AEC Faculty Published in Proceedings of the National Academy of Sciences (PNAS)

Professor Bill Jaeger, along with Professor Christian Langpap, former PhD student Dan Bigelow, and former faculty member Andrew Plantinga and others, recently published a study titled “Finding Water Scarcity Amid Abundance Using Human-Natural System Models,” in the Proceedings of the National Academy of Sciences (PNAS). PNAS is the official scientific journal of the National Academy of Sciences.
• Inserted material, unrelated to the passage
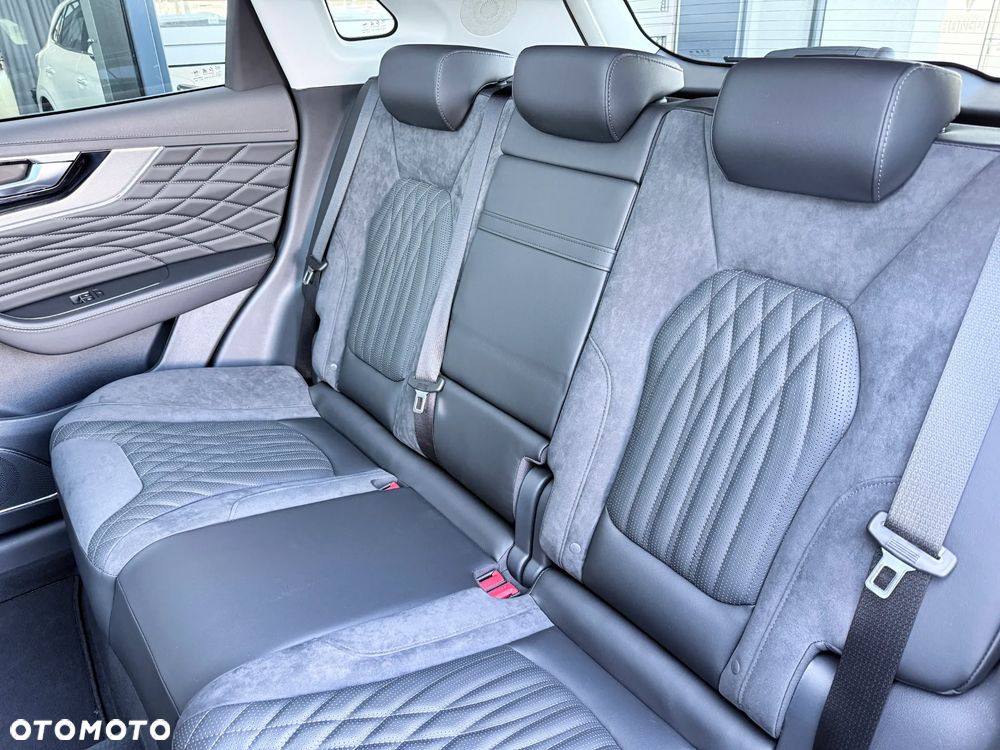 Hongqi HS5 - 33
The study is based on a large 6-year research project, Willamette Water 2100, that projected current and future water scarcity in the Willamette River basin of western Oregon through the year 2100. Researchers developed a computer model called Willamette Envision to represent the fine-level interactions between the basin’s natural water supply and the human system’s water demands. Willamette Water 2100 modeled 20 different scenarios based on a variety of assumptions, including assumptions of low, medium, and high population and income growth, and low, medium, and high warming from climate change. 

A key finding of the study was the importance of economics for understanding water scarcity. In modeling the effects of climate change, the researchers found that the human components of the model, such as economic realities and society’s laws and institutions that can create or block opportunities, make a big difference in where, when, and how severely the impacts of water scarcity will be felt.